◆ **Caption-style text data**
-=-=-

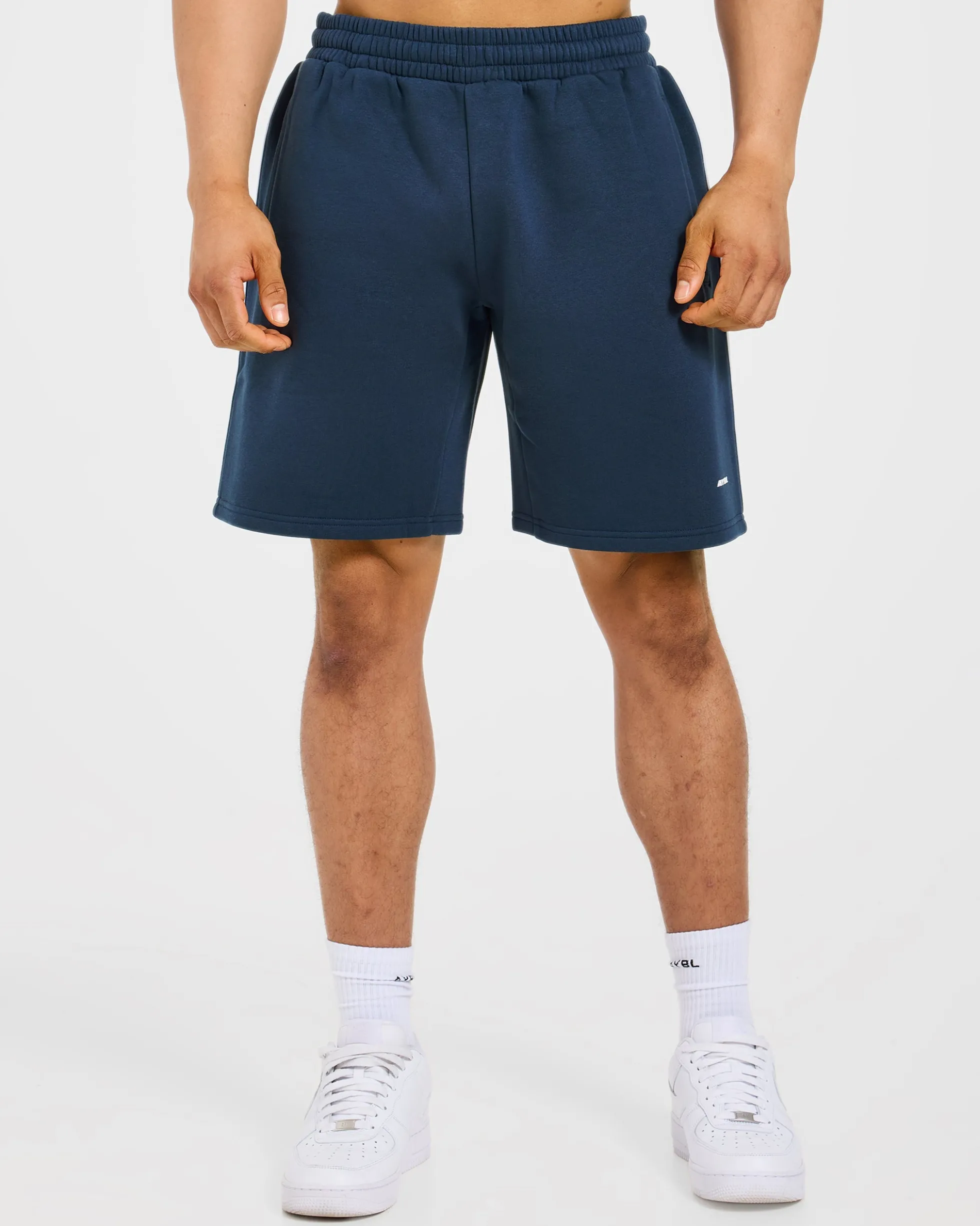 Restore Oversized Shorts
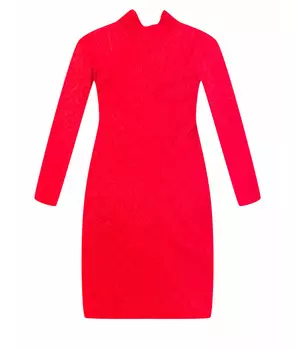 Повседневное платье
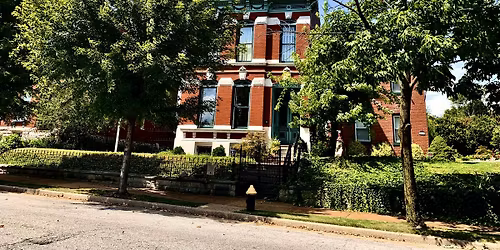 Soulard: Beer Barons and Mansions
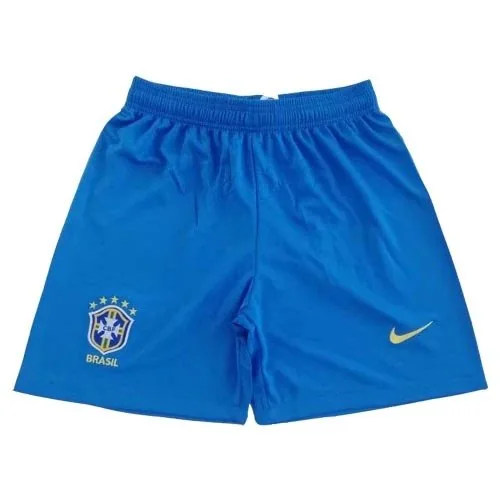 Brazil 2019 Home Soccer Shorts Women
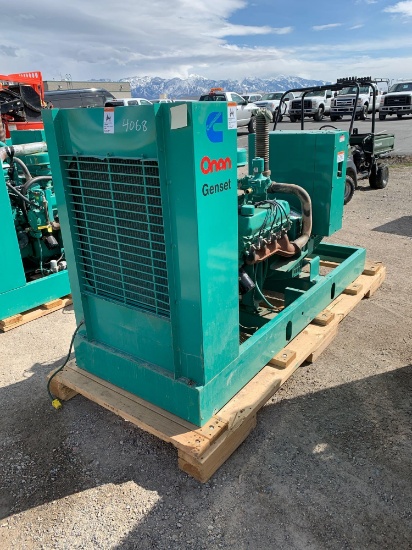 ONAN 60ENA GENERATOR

-=-=-

◆ **The problem**
Above are the records; give them all again exactly, apart from the pictures.

◆ **Solved exercise**
 Restore Oversized Shorts
 Повседневное платье
 Soulard: Beer Barons and Mansions
 Brazil 2019 Home Soccer Shorts Women
 ONAN 60ENA GENERATOR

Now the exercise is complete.